_Assignment_
Below this line is a set of entries; quote exactly the lines from the line that contains "Background texture of" to the line that contains "Doorway showing the", both lines included.

_Dataset extract_
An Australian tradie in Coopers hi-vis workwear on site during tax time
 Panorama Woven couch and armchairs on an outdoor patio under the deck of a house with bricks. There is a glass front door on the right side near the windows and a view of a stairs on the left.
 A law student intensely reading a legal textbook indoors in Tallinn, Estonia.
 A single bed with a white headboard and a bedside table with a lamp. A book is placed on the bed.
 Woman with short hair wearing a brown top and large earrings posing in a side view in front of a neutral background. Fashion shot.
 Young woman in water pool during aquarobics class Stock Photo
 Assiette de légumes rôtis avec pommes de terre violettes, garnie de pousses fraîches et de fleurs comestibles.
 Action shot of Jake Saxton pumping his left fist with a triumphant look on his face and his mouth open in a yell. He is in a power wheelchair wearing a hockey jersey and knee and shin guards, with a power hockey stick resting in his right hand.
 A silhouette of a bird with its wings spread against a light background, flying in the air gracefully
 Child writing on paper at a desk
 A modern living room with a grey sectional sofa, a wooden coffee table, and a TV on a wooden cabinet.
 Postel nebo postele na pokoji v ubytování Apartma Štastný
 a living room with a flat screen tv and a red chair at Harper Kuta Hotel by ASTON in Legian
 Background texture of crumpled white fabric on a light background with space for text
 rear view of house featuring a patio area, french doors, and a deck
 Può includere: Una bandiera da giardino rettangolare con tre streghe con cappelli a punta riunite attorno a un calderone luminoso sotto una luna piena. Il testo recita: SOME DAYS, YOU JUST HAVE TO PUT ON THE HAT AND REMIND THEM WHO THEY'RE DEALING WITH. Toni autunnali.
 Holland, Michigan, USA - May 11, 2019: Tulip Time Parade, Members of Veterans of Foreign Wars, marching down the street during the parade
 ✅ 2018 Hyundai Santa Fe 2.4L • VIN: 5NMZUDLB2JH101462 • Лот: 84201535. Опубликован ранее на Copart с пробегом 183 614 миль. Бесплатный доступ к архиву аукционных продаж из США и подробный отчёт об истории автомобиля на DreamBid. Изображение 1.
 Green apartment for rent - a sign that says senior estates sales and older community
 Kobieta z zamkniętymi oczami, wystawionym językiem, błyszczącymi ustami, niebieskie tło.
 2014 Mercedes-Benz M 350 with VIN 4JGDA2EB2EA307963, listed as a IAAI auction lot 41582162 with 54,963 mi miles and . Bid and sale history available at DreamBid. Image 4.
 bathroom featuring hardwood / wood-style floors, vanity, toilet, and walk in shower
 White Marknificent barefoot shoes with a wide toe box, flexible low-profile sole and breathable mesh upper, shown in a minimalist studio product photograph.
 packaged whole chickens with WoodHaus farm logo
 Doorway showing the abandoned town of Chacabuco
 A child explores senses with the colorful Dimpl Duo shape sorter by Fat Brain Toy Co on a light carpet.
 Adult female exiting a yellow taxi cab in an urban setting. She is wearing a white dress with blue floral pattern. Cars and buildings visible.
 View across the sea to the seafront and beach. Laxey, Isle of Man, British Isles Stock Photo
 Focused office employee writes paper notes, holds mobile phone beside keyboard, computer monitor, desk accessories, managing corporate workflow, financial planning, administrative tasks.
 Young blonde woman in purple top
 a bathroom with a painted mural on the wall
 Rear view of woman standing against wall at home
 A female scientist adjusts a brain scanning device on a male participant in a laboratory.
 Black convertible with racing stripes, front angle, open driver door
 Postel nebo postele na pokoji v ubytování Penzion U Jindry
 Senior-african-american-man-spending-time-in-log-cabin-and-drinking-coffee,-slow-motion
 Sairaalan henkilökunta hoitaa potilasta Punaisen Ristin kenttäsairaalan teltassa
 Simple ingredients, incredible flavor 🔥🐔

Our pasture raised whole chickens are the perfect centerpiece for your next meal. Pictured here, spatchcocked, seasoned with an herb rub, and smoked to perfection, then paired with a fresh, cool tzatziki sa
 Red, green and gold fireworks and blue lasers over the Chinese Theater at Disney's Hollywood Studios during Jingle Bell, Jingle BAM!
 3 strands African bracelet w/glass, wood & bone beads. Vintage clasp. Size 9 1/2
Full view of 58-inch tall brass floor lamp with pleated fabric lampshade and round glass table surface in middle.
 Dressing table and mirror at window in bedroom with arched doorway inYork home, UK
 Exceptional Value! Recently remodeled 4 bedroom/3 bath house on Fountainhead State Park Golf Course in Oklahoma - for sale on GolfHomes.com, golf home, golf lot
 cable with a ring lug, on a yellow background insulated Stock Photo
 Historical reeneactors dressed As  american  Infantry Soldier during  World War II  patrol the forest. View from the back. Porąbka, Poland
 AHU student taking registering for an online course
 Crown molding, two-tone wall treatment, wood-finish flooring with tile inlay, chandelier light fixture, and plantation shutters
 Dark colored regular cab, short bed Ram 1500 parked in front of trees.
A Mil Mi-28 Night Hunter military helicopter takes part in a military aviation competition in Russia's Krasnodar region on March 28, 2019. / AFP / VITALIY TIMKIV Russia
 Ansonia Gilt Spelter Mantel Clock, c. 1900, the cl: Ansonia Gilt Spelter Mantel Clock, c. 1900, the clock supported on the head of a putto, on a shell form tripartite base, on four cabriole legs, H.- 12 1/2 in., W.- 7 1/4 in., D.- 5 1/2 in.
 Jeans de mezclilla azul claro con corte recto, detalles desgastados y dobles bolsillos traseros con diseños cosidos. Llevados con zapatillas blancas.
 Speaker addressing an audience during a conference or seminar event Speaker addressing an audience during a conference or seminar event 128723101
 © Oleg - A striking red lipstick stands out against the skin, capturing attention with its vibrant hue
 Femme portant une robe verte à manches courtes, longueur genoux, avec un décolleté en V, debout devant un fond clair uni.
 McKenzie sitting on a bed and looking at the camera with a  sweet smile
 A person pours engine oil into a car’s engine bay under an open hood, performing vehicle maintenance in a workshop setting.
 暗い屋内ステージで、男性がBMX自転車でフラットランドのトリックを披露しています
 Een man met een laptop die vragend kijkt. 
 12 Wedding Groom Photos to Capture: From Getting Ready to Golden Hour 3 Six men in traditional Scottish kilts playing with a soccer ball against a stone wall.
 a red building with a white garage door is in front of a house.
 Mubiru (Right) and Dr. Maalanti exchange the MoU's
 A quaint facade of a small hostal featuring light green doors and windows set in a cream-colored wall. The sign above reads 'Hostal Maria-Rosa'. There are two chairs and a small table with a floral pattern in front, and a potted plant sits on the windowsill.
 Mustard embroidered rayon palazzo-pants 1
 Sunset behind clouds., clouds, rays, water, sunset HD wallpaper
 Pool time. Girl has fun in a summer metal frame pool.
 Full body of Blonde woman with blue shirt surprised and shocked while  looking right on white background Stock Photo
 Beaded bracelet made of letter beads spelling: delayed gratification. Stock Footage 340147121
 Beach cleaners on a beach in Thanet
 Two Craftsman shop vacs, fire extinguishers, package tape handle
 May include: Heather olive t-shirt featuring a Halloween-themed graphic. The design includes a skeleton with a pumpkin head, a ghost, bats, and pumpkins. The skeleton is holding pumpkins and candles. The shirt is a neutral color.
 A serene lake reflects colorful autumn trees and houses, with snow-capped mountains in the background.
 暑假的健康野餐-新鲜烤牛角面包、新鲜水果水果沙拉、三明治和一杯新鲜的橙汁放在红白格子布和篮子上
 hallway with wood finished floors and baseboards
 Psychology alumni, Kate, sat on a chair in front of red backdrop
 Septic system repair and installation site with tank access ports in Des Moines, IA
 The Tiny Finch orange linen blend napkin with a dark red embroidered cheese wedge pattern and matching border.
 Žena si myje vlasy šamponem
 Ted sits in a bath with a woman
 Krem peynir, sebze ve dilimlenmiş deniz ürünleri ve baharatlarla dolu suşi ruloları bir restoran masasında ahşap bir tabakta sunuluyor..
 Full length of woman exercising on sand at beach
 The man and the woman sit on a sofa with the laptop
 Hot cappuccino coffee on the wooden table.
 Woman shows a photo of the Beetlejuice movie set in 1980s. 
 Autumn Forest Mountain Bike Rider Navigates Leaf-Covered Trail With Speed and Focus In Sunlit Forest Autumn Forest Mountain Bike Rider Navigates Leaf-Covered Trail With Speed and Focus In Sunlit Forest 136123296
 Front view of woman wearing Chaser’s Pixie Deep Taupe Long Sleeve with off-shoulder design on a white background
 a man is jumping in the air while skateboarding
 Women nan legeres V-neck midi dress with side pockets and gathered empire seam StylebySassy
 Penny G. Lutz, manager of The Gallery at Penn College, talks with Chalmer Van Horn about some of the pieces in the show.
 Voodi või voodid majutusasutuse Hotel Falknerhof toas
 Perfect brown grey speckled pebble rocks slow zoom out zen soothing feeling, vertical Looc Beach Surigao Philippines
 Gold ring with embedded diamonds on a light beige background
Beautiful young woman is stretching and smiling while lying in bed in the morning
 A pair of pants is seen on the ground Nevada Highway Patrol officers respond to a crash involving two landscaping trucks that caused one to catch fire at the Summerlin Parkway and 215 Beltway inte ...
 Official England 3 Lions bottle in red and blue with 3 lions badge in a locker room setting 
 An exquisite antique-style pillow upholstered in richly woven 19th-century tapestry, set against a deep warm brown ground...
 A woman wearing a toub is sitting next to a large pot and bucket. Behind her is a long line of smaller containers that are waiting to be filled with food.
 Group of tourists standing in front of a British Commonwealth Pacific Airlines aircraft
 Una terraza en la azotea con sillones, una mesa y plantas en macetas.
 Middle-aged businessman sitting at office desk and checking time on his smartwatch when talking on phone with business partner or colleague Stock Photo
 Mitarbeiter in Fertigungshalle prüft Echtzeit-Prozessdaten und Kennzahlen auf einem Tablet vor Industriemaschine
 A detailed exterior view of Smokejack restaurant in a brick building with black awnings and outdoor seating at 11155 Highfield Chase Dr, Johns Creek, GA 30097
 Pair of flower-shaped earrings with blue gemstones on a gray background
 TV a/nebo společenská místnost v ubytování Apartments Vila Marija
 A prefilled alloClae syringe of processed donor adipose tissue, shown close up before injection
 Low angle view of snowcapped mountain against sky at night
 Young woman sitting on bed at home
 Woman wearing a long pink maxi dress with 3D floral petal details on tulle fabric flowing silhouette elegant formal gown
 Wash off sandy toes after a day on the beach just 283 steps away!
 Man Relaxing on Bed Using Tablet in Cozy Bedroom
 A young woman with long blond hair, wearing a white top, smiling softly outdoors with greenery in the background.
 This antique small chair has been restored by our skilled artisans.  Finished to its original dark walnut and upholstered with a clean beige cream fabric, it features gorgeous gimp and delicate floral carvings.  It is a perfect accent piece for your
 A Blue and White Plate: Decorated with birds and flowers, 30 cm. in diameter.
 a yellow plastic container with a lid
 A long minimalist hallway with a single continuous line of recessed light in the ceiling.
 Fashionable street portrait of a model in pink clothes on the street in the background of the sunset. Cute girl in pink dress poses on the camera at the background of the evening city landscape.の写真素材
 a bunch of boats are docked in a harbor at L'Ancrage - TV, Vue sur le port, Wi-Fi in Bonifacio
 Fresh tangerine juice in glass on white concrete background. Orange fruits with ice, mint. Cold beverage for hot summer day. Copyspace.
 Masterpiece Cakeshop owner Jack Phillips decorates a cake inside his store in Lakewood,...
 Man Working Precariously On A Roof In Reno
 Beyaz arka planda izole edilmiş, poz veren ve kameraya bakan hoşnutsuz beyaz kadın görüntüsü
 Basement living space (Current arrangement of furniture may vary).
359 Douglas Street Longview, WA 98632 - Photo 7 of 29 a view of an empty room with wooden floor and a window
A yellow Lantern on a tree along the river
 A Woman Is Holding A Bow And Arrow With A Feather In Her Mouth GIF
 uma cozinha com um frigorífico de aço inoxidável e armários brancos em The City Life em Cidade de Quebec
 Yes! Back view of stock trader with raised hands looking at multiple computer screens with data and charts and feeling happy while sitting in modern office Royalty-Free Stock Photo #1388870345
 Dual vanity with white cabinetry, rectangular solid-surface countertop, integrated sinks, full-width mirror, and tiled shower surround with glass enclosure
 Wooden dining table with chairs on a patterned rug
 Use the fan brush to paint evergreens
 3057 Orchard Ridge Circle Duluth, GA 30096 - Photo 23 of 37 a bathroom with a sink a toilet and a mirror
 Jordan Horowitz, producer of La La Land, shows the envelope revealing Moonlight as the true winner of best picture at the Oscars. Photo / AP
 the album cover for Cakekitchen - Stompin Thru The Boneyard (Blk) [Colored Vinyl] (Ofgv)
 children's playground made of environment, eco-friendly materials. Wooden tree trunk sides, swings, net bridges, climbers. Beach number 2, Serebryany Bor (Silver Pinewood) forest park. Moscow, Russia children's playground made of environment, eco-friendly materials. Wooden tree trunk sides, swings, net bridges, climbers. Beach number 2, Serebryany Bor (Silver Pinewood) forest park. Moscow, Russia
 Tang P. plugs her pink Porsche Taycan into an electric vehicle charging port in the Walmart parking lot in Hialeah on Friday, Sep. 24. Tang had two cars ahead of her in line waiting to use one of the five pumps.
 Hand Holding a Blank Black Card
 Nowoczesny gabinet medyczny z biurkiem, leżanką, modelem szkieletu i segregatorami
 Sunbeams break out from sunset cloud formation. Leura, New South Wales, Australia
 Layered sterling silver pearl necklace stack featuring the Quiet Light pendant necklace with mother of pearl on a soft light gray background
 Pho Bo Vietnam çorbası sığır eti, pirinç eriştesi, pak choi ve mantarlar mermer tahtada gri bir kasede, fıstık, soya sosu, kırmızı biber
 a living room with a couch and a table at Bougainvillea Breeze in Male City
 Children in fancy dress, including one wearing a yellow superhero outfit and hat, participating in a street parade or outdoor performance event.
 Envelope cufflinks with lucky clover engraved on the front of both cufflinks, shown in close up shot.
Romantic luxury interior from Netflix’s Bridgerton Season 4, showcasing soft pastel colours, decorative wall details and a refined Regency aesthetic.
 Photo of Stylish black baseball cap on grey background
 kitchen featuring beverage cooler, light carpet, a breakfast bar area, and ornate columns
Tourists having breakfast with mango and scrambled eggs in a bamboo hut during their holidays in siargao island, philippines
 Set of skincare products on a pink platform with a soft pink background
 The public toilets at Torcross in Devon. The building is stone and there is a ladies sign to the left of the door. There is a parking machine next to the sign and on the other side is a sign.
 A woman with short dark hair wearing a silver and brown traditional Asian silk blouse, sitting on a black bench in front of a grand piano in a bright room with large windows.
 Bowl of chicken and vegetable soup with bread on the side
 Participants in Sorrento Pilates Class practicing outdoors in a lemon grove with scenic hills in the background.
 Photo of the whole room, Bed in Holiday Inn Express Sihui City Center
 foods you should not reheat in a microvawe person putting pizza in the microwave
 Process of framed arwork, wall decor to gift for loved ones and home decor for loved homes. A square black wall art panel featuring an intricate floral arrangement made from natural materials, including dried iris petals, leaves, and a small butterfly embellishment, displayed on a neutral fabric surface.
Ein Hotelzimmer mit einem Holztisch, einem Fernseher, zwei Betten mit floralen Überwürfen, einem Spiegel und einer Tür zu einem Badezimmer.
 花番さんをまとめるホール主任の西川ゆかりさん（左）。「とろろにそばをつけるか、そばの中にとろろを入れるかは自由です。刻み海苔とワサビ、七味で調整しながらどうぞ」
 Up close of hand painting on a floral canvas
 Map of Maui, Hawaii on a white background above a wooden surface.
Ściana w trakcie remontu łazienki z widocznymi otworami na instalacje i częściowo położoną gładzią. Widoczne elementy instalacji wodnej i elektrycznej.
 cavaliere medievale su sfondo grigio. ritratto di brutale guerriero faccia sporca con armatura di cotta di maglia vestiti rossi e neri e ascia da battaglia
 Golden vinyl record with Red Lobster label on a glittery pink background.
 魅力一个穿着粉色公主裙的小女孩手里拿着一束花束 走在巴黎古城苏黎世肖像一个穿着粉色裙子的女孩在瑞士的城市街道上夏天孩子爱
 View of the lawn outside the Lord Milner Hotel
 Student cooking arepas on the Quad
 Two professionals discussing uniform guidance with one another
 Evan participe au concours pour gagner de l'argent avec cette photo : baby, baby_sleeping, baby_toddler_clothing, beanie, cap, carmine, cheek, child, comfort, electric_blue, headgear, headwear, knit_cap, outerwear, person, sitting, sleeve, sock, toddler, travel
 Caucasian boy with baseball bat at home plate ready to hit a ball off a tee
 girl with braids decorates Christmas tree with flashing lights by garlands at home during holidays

_Written response_
 Background texture of crumpled white fabric on a light background with space for text
 rear view of house featuring a patio area, french doors, and a deck
 Può includere: Una bandiera da giardino rettangolare con tre streghe con cappelli a punta riunite attorno a un calderone luminoso sotto una luna piena. Il testo recita: SOME DAYS, YOU JUST HAVE TO PUT ON THE HAT AND REMIND THEM WHO THEY'RE DEALING WITH. Toni autunnali.
 Holland, Michigan, USA - May 11, 2019: Tulip Time Parade, Members of Veterans of Foreign Wars, marching down the street during the parade
 ✅ 2018 Hyundai Santa Fe 2.4L • VIN: 5NMZUDLB2JH101462 • Лот: 84201535. Опубликован ранее на Copart с пробегом 183 614 миль. Бесплатный доступ к архиву аукционных продаж из США и подробный отчёт об истории автомобиля на DreamBid. Изображение 1.
 Green apartment for rent - a sign that says senior estates sales and older community
 Kobieta z zamkniętymi oczami, wystawionym językiem, błyszczącymi ustami, niebieskie tło.
 2014 Mercedes-Benz M 350 with VIN 4JGDA2EB2EA307963, listed as a IAAI auction lot 41582162 with 54,963 mi miles and . Bid and sale history available at DreamBid. Image 4.
 bathroom featuring hardwood / wood-style floors, vanity, toilet, and walk in shower
 White Marknificent barefoot shoes with a wide toe box, flexible low-profile sole and breathable mesh upper, shown in a minimalist studio product photograph.
 packaged whole chickens with WoodHaus farm logo
 Doorway showing the abandoned town of Chacabuco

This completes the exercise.